White v. City of Waldo

Decision Date28 August 1995
Docket NumberNo. 93-2975,93-2975
Citation659 So.2d 707
Parties20 Fla. L. Weekly D2000 Matthew WHITE, Appellant, v. CITY OF WALDO and Lu Hindery, as Sheriff of Alachua County, Appellees.
CourtFlorida District Court of Appeals

Richard B. Davis, Jr., and Marianne S. Huestis of Davis & Register, P.A., Gainesville, for appellant.

Jeptha F. Barbour and M. Scott Thomas of Marks, Gray, Conroy & Gibbs, P.A., Jacksonville, for appellee City of Waldo.

Julius F. Parker, Jr., of Parker, Skelding, Labasky & Corry, Tallahassee, for appellee Lu Hindery.

BENTON, Judge.

Matthew White brought suit on account of injuries he sustained when the motorcycle he was riding collided with a horse. On the fourth day, the trial was cut short when a verdict was directed in favor of the City of Waldo and Lu Hindery, sued in his official capacity as Sheriff of Alachua County. Appellant contends that a City policeman's efforts to capture the animal proximately caused the accident. He also faults the sheriff's office for dispatching the policeman into unincorporated Alachua County alone, and for not sending help when asked. We believe the sheriff's office's allocation of manpower is a discretionary policy decision which is not open to question in a suit for personal injuries. But we conclude that neither the Sheriff of Alachua County nor the City of Waldo enjoys sovereign immunity for an employee's active, hazard-generating "operational misfeasance," and reverse with directions for a new trial.

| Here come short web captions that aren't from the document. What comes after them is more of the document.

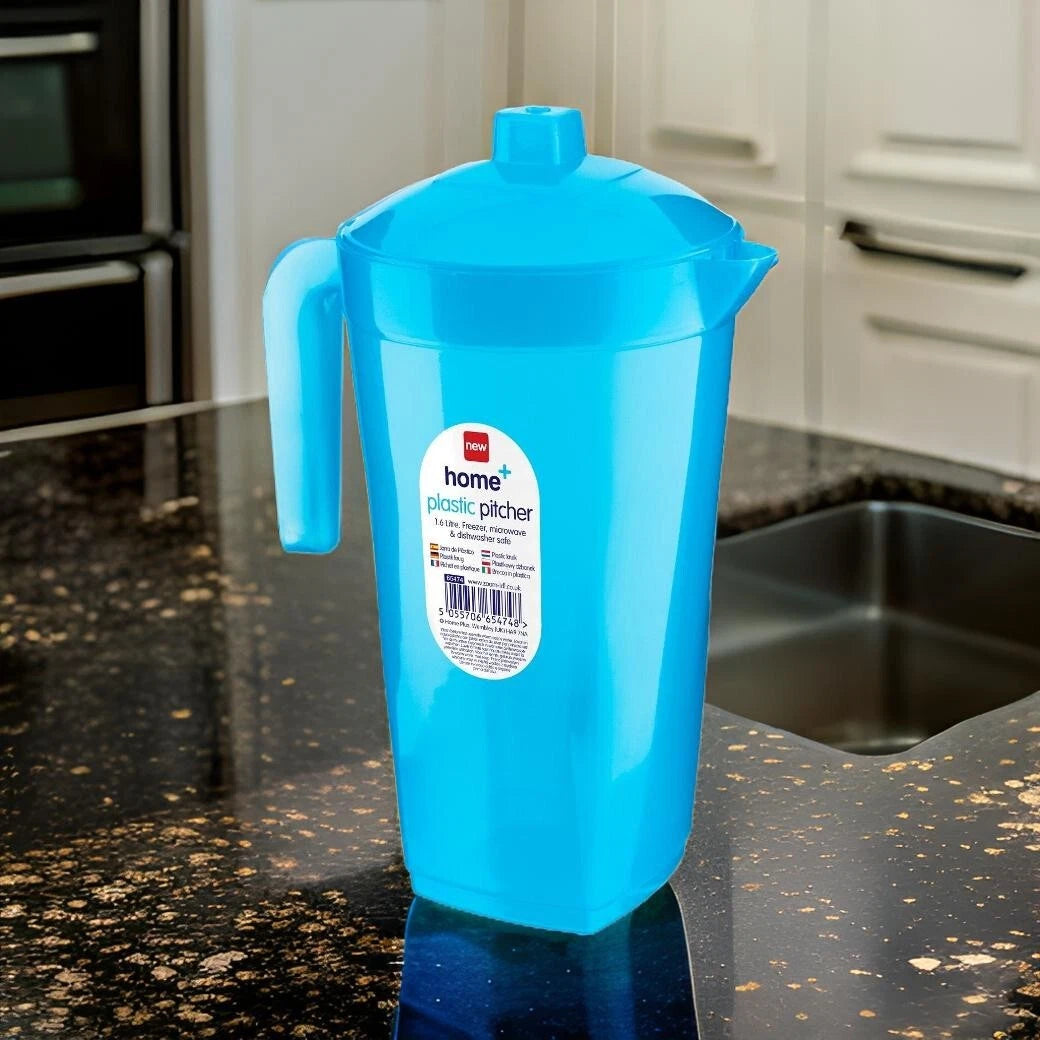 Share 1.6L Plastic Fridge Jug Water Juice Summer Drinks Smoothie Milk Pitcher With Lid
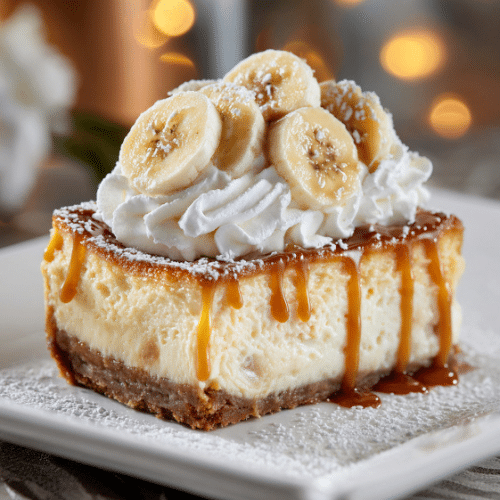 Banana Cream Cheesecake with Caramel Drizzle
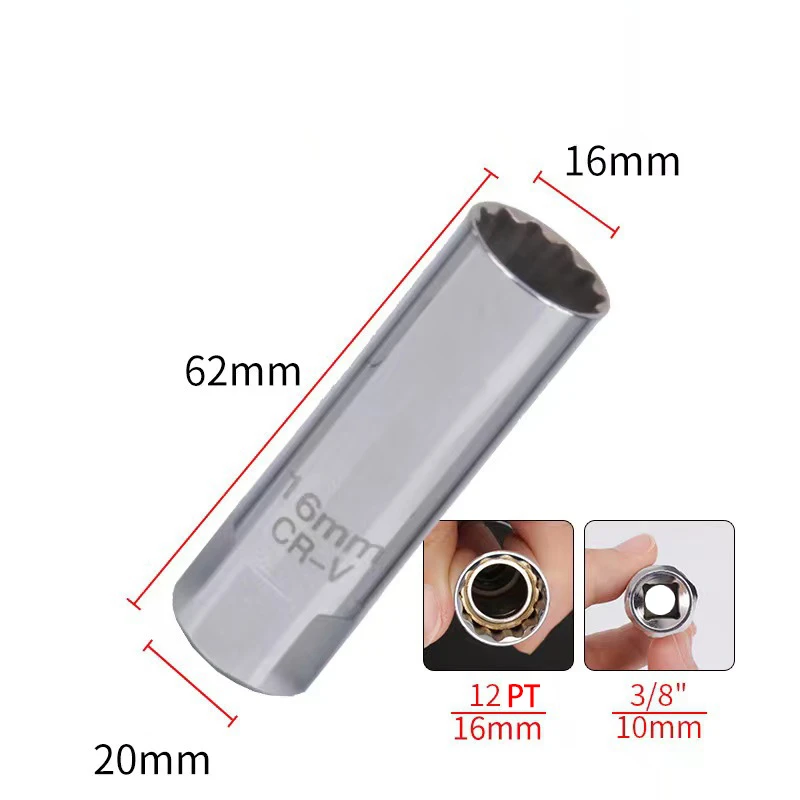 Spark Plug Socket 3/8"*16*63 -12pt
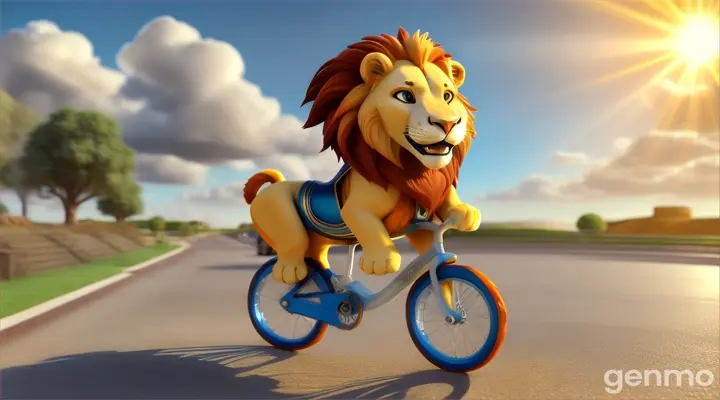 3d cartoon lion drive bike 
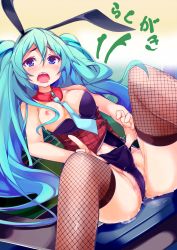 Rule 34 | 1girl, animal ears, aqua hair, blue eyes, blush, breasts, censored, fishnet thighhighs, fishnets, hatsune miku, highres, kamui0226, long hair, necktie, nipples, open mouth, partially visible vulva, pussy juice, rabbit ears, saliva, solo, tears, thighhighs, twintails, very long hair, vocaloid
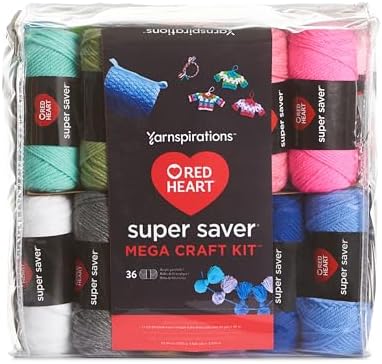 Red Heart Mega Craft Kit, Yarn for Crocheting and Knitting by RedHeart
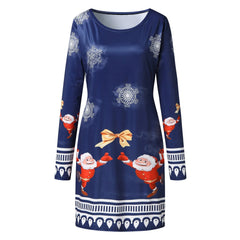  Showlu Fashion Store Women Summer Dress Round Collar Show Thin Selling long-sleeved Christmas Printing Knitting Dresses Casual Vestidos YML00112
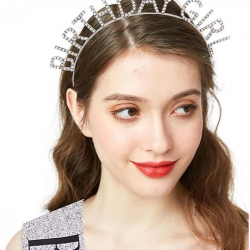 Mey İthalat® Gümüş Kristal Taşlı Birthday Girl Doğum Günü Tacı İthal Ürün  17x16 cm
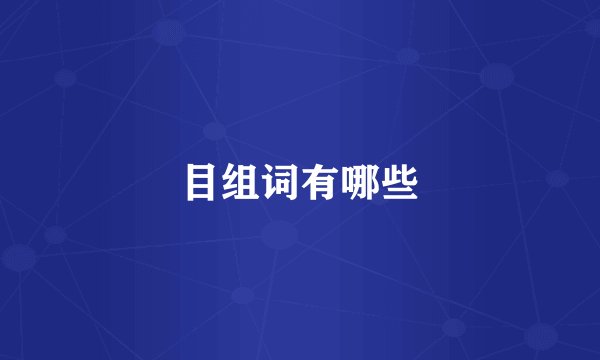 目组词有哪些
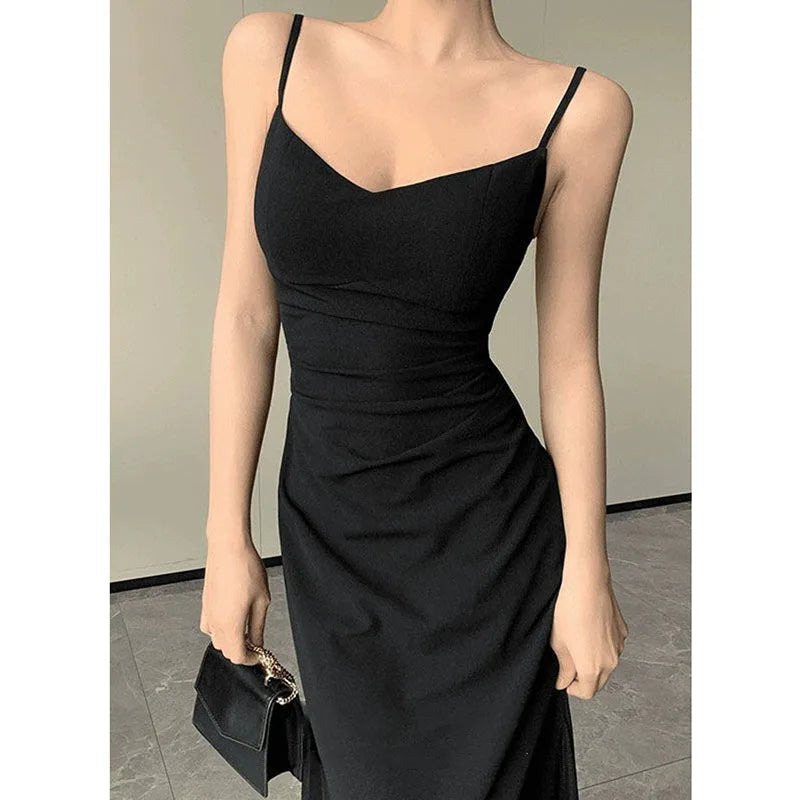 Robe Midi Femme Noire Dos Nu Bretelles Col V Soirée | MDN Store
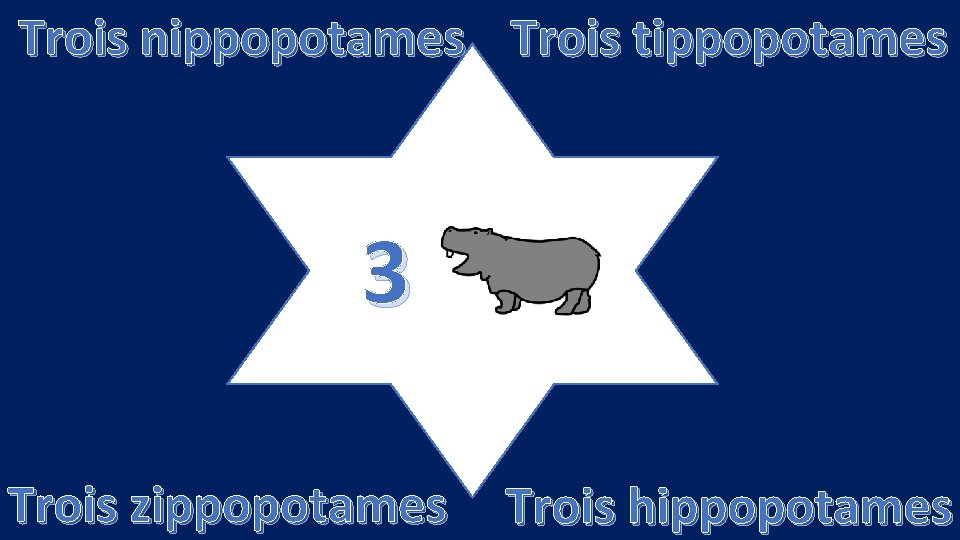 Trois nippopotames Trois tippopotames 3 Trois zippopotames Trois hippopotames 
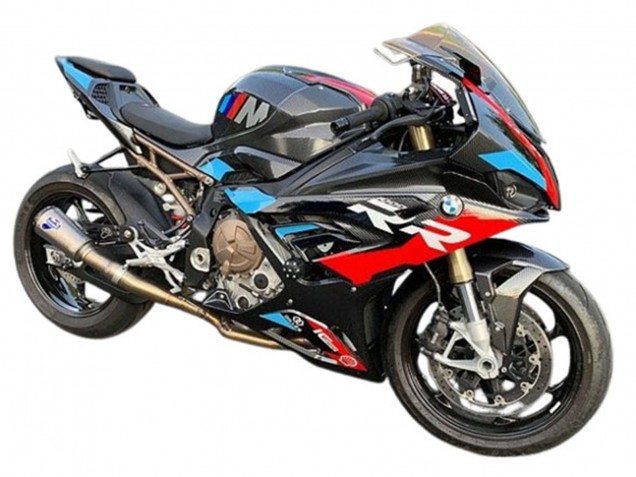 Carénages Moto BMW S1000RR 2019-2022 - Noir Bleu Rouge Fibre de Carbone
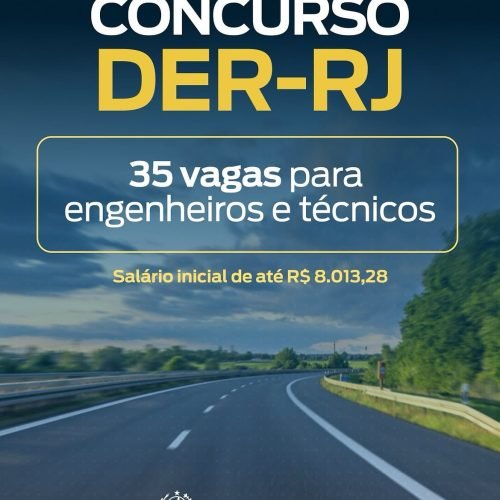DER-RJ prevê concurso público com 35 vagas e salários de até R$ 8 mil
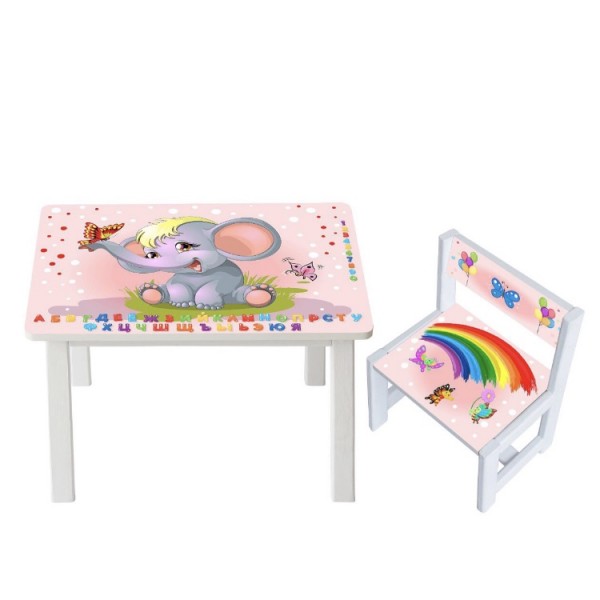 

Столик детский и стульчик c укреплением Toys высота 43,5 см. 60/40 Слоник BSM1-43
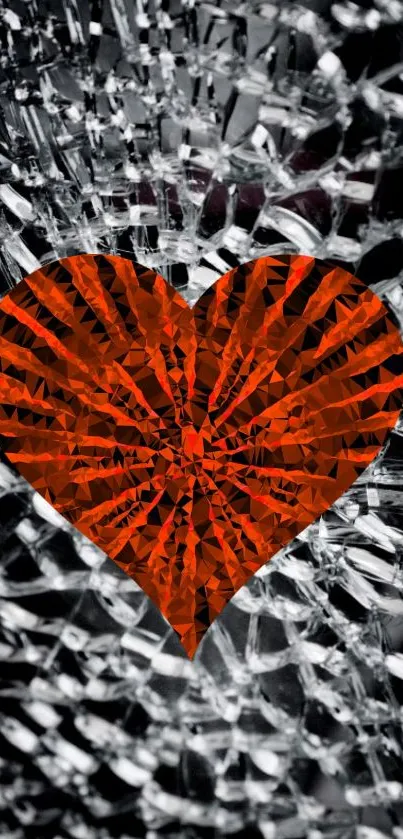 Red heart on shattered glass pattern, mobile wallpaper.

With the case in this posture, the standard of review is clear. Granting a motion for directed verdict is "proper only if there was no evidence upon which a jury could find," Leisure Resorts, Inc. v. Frank J. Rooney, Inc., 654 So.2d 911, 914 (Fla.1995), against the party for whom the verdict is directed.

It is appropriate to direct a verdict for the defendant only when the evidence considered in its entirety and the reasonable inferences to be drawn therefrom fail to prove the plaintiff's case under the issues made by the pleadings. Golden v. Morris, Fla.1951, 55 So.2d 714.

Hartnett v. Fowler, 94 So.2d 724, 725 (Fla.1957).

[A] party who moves for a directed verdict admits for the purpose of testing the motion the facts in evidence and in addition admits every reasonable and proper conclusion based thereon which is favorable to the adverse party. Dempsey-Vanderbilt Hotel v. Huisman, 153 Fla. 800, 15 So.2d 903 [1943].

Id.

In reviewing the propriety of the trial court's directed verdict, this court must review the facts and inferences to be drawn in a light most favorable to appellant, the nonmoving party. Gant v. Lucy Ho's Bamboo Garden, Inc., 460 So.2d 499 (Fla. 1st DCA 1984).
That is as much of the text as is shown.